FOLEY — There is no heartwarming tale of Kitti Cooper's journey into farming.

No grandparent took her out into the garden for a lesson each summer. She didn't save the family farm from the auction block.

Rather, she taught herself how to grow food because she was hungry.

As a child, her family struggled on one income. They rarely had fresh fruits and vegetables.

"If I wanted tomatoes and peppers, I had to grow them," she said.

And she did.

Now, as the co-owner of the ever-expanding Cooper Farm with her husband, Chase Cooper, she not only feeds her three daughters but is committed to making sure everyone is able to feed their children, too.

"When you grow up without food, you have food PTSD. You fear not having food," she said. "The way I took control was learning to grow my own food and continually grow my own food.

"This is all about food accessibility."

That mantra has fed her children. It's become her therapy. It's become her income. Most importantly, it has become a way to pull an entire community forward.

Every week, she teaches classes in a tricked out former school bus the couple gutted and reimagined as a moving classroom.

There, she has hosted people of all ages and gardening skill levels. She teaches them how to grow, nourish and harvest fruits and vegetables in their own backyards — no farmland required.

She tells them how she started gardening in a one-bedroom apartment with her seedlings set up on the dining room table and moved up to a townhouse with a postage-stamp sized yard.

"You can grow a lot of stuff in a small amount of space," she said.

She tells them how at 19 she gave birth to her first daughter while still a college student and decided immediately that her daughter would not be hungry.

"We're not doing this again," she said she told herself. "We're going to grow our own food and never going to be without."

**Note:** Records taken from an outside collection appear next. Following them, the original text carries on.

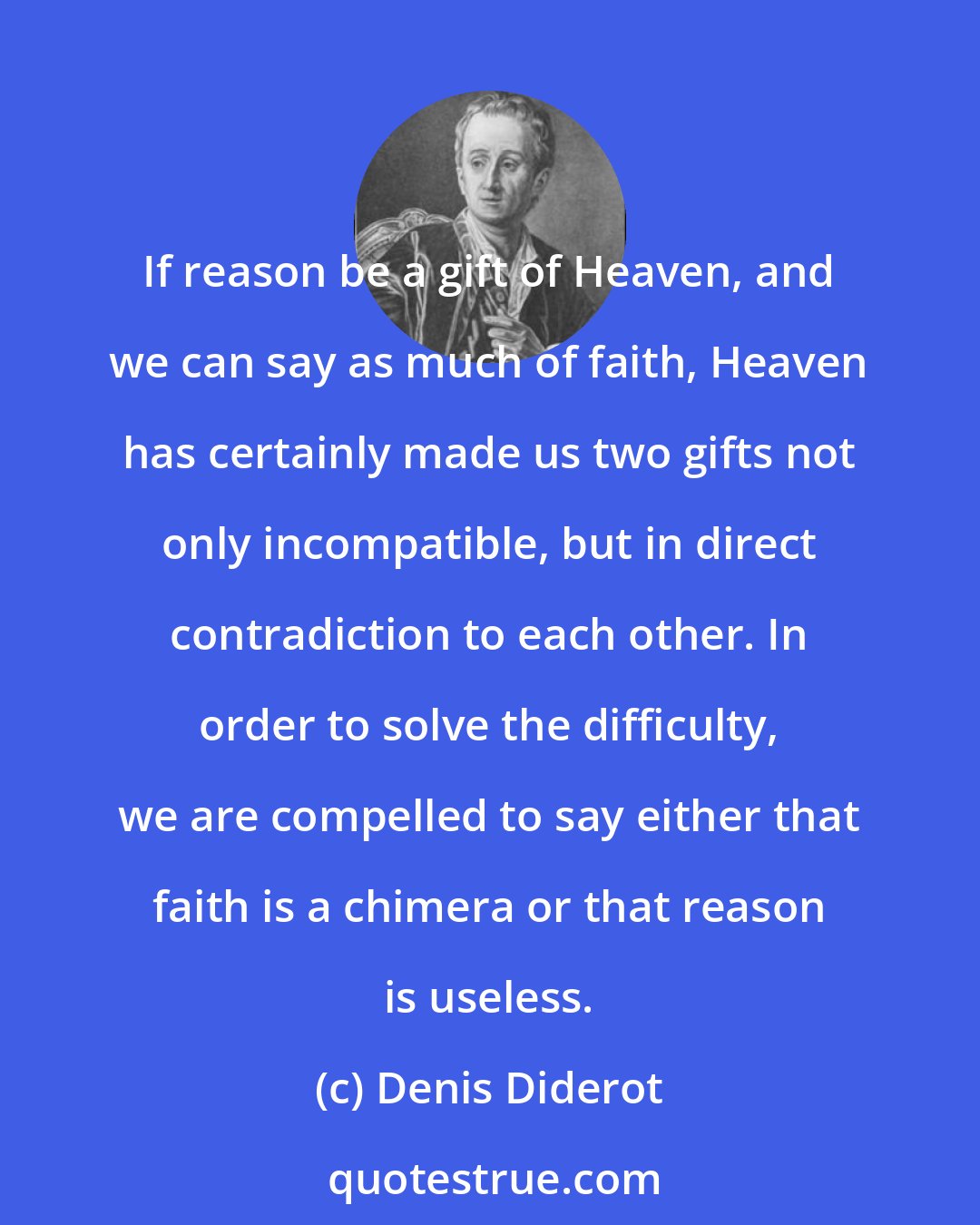 Denis Diderot: If reason be a gift of Heaven, and we can say as much of faith, Heaven has certainly made us two gifts not only incompatible, but in direct contradiction to each other. In order to solve the difficulty, we are compelled to say either that faith is a chimera or that reason is useless.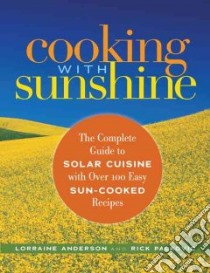 Cooking With Sunshine libro in lingua di Anderson Lorraine, Palkovic Rick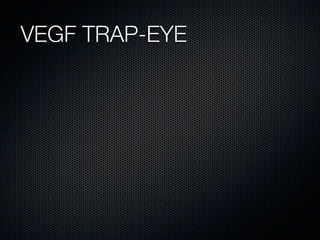 VEGF TRAP-EYE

As she talks, her students take notes. They watch. They giggle at her stories. They learn.

Cooper emphasizes native plants over transplants. She explains how the red clay soil in Baldwin County is different than anything they may have worked with at points flung northward, a lesson she learned after spending two years growing in Birmingham.

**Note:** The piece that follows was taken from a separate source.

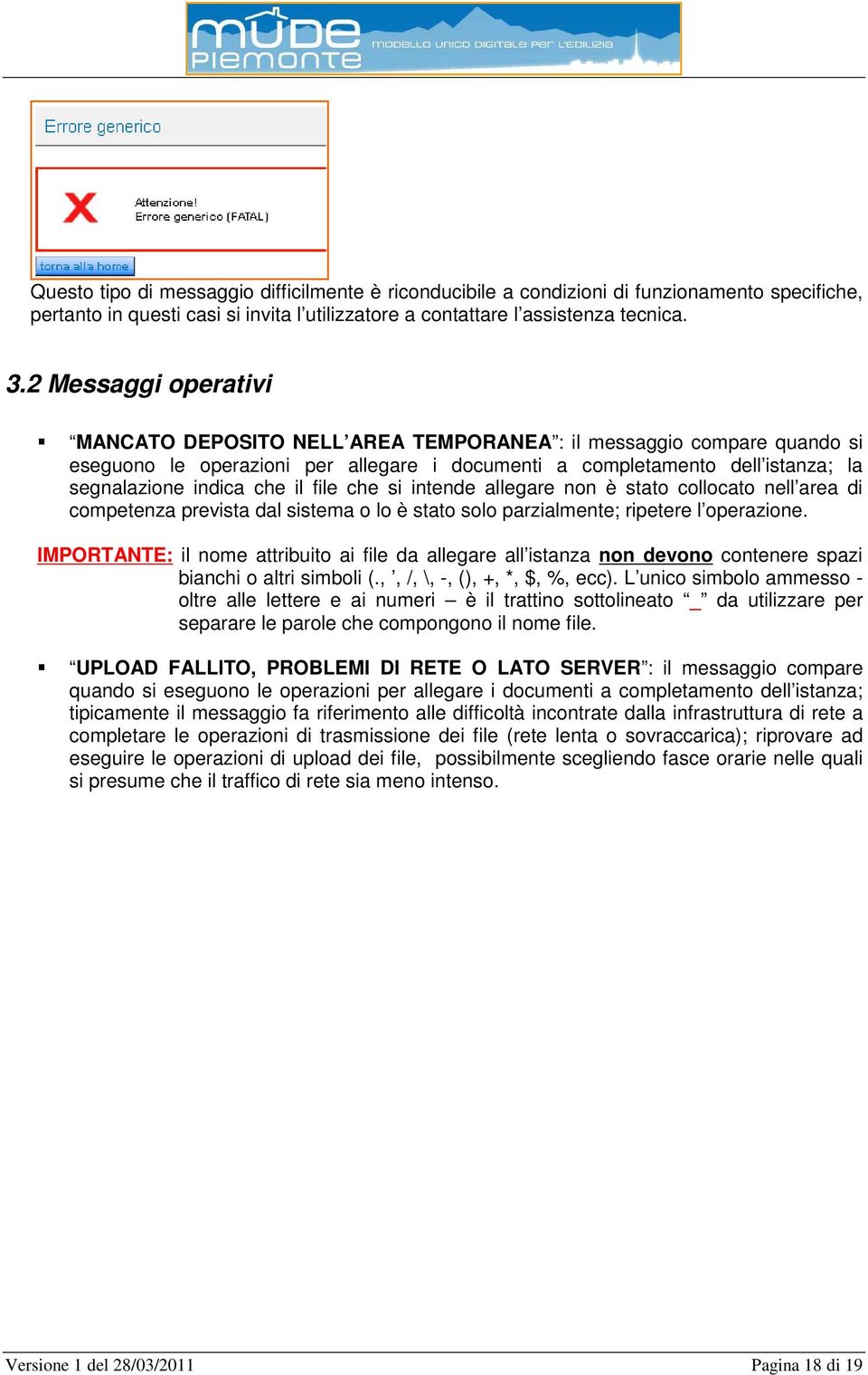 file che si intende allegare non è stato collocato nell area di competenza prevista dal sistema o lo è stato solo parzialmente; ripetere l operazione.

"I learned a lot about how much different it is growing anywhere but Baldwin County," she said. "A lot of people who come to my classes just moved here from up North. The soil is black there. You throw a seed over your shoulder and it's going to grow. Here it takes work."

She teaches her students about pesticides, the importance of pollinators, harvesting and preserving.

She begs them to look at their plants every single day.

"It's one of the biggest mistakes. You have to look at your garden every day to assess what it needs," she tells them.

And she assures them: she kills plants all the time, too.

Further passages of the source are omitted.